» **Supplied records**:
* * *

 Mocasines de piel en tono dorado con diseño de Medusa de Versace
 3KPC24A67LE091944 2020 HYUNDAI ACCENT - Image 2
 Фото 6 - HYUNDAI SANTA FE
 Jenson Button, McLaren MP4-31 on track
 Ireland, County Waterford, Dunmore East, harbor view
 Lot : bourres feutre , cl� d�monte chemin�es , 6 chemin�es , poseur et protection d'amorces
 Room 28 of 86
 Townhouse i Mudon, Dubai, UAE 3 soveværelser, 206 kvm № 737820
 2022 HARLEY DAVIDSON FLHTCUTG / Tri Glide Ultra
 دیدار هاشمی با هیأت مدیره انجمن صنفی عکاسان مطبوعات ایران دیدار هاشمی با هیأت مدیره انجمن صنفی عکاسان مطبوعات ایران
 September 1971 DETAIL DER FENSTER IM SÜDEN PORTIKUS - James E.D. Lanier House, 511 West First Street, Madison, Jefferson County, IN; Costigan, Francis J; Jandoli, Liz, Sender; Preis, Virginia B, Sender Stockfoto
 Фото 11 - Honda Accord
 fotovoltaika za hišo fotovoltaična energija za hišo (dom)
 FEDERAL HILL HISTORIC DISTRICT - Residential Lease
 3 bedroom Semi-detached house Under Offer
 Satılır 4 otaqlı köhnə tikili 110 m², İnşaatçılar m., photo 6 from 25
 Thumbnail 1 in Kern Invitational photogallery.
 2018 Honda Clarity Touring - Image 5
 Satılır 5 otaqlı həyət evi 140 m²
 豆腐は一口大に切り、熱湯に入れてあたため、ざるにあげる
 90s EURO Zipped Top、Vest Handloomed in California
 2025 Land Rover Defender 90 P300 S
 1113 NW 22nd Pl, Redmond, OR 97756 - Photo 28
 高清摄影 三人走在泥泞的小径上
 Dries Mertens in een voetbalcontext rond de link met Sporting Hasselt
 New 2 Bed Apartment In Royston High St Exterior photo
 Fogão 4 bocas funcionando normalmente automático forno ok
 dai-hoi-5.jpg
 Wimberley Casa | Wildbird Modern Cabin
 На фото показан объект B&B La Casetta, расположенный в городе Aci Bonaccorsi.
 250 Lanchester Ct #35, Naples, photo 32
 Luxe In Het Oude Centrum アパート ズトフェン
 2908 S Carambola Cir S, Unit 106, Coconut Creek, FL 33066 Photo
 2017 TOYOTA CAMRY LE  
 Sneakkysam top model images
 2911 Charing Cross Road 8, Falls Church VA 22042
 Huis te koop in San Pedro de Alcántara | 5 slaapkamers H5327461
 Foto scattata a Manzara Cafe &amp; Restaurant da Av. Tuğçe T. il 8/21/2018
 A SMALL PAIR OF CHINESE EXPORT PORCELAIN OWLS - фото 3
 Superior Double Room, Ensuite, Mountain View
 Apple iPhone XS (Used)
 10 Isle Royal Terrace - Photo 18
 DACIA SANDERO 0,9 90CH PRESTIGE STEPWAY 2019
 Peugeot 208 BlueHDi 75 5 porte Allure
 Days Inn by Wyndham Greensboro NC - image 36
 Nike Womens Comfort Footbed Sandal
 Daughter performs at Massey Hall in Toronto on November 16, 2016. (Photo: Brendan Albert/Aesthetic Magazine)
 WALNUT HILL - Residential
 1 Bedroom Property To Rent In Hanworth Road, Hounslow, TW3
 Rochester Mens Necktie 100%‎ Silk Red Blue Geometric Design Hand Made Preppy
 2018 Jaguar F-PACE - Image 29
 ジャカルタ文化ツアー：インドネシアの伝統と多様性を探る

* * *

» **The problem**: Give again each line of the listing above, keeping every word the same.

» **Exercise result**:
 Mocasines de piel en tono dorado con diseño de Medusa de Versace
 3KPC24A67LE091944 2020 HYUNDAI ACCENT - Image 2
 Фото 6 - HYUNDAI SANTA FE
 Jenson Button, McLaren MP4-31 on track
 Ireland, County Waterford, Dunmore East, harbor view
 Lot : bourres feutre , cl� d�monte chemin�es , 6 chemin�es , poseur et protection d'amorces
 Room 28 of 86
 Townhouse i Mudon, Dubai, UAE 3 soveværelser, 206 kvm № 737820
 2022 HARLEY DAVIDSON FLHTCUTG / Tri Glide Ultra
 دیدار هاشمی با هیأت مدیره انجمن صنفی عکاسان مطبوعات ایران دیدار هاشمی با هیأت مدیره انجمن صنفی عکاسان مطبوعات ایران
 September 1971 DETAIL DER FENSTER IM SÜDEN PORTIKUS - James E.D. Lanier House, 511 West First Street, Madison, Jefferson County, IN; Costigan, Francis J; Jandoli, Liz, Sender; Preis, Virginia B, Sender Stockfoto
 Фото 11 - Honda Accord
 fotovoltaika za hišo fotovoltaična energija za hišo (dom)
 FEDERAL HILL HISTORIC DISTRICT - Residential Lease
 3 bedroom Semi-detached house Under Offer
 Satılır 4 otaqlı köhnə tikili 110 m², İnşaatçılar m., photo 6 from 25
 Thumbnail 1 in Kern Invitational photogallery.
 2018 Honda Clarity Touring - Image 5
 Satılır 5 otaqlı həyət evi 140 m²
 豆腐は一口大に切り、熱湯に入れてあたため、ざるにあげる
 90s EURO Zipped Top、Vest Handloomed in California
 2025 Land Rover Defender 90 P300 S
 1113 NW 22nd Pl, Redmond, OR 97756 - Photo 28
 高清摄影 三人走在泥泞的小径上
 Dries Mertens in een voetbalcontext rond de link met Sporting Hasselt
 New 2 Bed Apartment In Royston High St Exterior photo
 Fogão 4 bocas funcionando normalmente automático forno ok
 dai-hoi-5.jpg
 Wimberley Casa | Wildbird Modern Cabin
 На фото показан объект B&B La Casetta, расположенный в городе Aci Bonaccorsi.
 250 Lanchester Ct #35, Naples, photo 32
 Luxe In Het Oude Centrum アパート ズトフェン
 2908 S Carambola Cir S, Unit 106, Coconut Creek, FL 33066 Photo
 2017 TOYOTA CAMRY LE  
 Sneakkysam top model images
 2911 Charing Cross Road 8, Falls Church VA 22042
 Huis te koop in San Pedro de Alcántara | 5 slaapkamers H5327461
 Foto scattata a Manzara Cafe &amp; Restaurant da Av. Tuğçe T. il 8/21/2018
 A SMALL PAIR OF CHINESE EXPORT PORCELAIN OWLS - фото 3
 Superior Double Room, Ensuite, Mountain View
 Apple iPhone XS (Used)
 10 Isle Royal Terrace - Photo 18
 DACIA SANDERO 0,9 90CH PRESTIGE STEPWAY 2019
 Peugeot 208 BlueHDi 75 5 porte Allure
 Days Inn by Wyndham Greensboro NC - image 36
 Nike Womens Comfort Footbed Sandal
 Daughter performs at Massey Hall in Toronto on November 16, 2016. (Photo: Brendan Albert/Aesthetic Magazine)
 WALNUT HILL - Residential
 1 Bedroom Property To Rent In Hanworth Road, Hounslow, TW3
 Rochester Mens Necktie 100%‎ Silk Red Blue Geometric Design Hand Made Preppy
 2018 Jaguar F-PACE - Image 29
 ジャカルタ文化ツアー：インドネシアの伝統と多様性を探る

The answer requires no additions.